The takeover of Deliveroo by DoorDash has brought to light the growing divide between the UK and US stock markets. DoorDash’s bid values Deliveroo at £2.9 billion, creating a company with operations in over 40 countries. However, the contrasting fates of the two companies highlight the shifting fortunes of their respective markets. While Deliveroo has recently turned a profit, its stock has struggled, whereas DoorDash has seen its market value soar over the past few years.
Contrasting Fortunes of US and UK Listings
Deliveroo and DoorDash both started as food delivery services, expanding their offerings to include other convenience items like nappies and pet food. Both companies raised capital via IPOs around the same time – Deliveroo in London and DoorDash on the New York Stock Exchange. However, DoorDash was valued five times higher than Deliveroo at the time of its IPO, and today it is worth 35 times more.
Investors in DoorDash have seen an 84% increase in share value, while those in Deliveroo have seen a 56% decrease. This discrepancy can be partially attributed to the greater ability of US companies to raise funds, especially given their access to US capital markets. As a result, DoorDash is in a stronger financial position to take over Deliveroo.
Reasons for the UK’s Struggles
There are many factors contributing to the UK stock market’s struggles, particularly the valuation gap. The average value of the 500 largest US companies is 28 times their earnings, compared to just 12 times for the 100 largest UK companies. The dominance of successful companies like Alphabet, Amazon, Apple, and Microsoft in the US has driven this disparity.

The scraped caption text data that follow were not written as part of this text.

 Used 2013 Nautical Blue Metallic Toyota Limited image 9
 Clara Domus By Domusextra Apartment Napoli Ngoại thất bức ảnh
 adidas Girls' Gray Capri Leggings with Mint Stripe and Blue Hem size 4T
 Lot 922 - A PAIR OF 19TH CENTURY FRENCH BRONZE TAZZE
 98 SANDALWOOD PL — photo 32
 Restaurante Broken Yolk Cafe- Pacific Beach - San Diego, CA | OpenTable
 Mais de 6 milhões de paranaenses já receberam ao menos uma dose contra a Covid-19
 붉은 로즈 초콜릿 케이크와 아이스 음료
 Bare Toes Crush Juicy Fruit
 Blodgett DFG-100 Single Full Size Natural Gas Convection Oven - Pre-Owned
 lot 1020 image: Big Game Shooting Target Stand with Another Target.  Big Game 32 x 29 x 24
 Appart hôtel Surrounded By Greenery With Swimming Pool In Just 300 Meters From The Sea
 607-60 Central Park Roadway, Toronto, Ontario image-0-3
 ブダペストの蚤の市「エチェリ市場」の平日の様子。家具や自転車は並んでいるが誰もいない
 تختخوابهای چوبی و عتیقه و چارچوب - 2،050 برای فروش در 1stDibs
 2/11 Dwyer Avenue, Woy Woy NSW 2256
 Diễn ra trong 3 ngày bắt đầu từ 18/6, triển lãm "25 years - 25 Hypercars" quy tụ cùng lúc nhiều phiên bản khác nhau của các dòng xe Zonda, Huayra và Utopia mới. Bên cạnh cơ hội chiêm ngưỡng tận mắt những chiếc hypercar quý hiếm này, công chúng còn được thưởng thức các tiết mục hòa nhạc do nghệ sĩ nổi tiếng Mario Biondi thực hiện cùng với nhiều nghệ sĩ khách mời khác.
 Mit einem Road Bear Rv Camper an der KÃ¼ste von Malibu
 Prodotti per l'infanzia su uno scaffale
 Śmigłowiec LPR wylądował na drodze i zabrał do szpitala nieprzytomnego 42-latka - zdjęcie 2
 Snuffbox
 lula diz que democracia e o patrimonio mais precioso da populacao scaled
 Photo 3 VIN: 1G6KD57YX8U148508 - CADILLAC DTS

Moreover, UK investor demand for UK stocks has dwindled. Over the past 30 years, the share of UK market ownership by UK financial institutions has fallen from 50% to less than 5%. UK pension funds, seeking safer investments, have shifted away from UK stocks, opting instead for US markets where returns have far outpaced those of the UK. Over the past five years, US stocks have returned 116%, compared to just 45% for UK stocks.
Potential Solutions and Reforms
Despite these challenges, there are signs of change. The UK government’s Edinburgh Reforms aim to make the UK stock market more attractive by reducing the proportion of a company that must be available for public sale, allowing founders to retain more control. These reforms could make the UK a more appealing place for companies to list.
Additionally, financial giants like Larry Fink of BlackRock and Jamie Dimon of JP Morgan have expressed optimism about the UK market, noting that it is undervalued and has outperformed the US so far this year.
The Impact of US Takeovers on UK Companies
Despite these positive comments, many UK-listed companies are being acquired by US buyers. Companies like Arm Holdings, Morrisons, and CRH Holdings are no longer part of the London Stock Exchange, and Deliveroo could soon join them. This trend highlights the challenge the UK stock market faces in retaining high-profile companies.
Although pension funds and investors can buy shares listed anywhere, a UK listing generates significant business for the country’s financial services industry. The UK’s financial sector still contributes over 10% of the nation’s economy, but its once-dominant role in global finance has diminished. The London Stock Exchange continues to serve as a key center for financial activity, but it is facing growing competition from US markets.
Ultimately, the takeover of Deliveroo by DoorDash illustrates how the US capital market’s superior financial resources are enabling US companies to expand and acquire rivals, further highlighting the UK market’s struggle to maintain its competitive edge.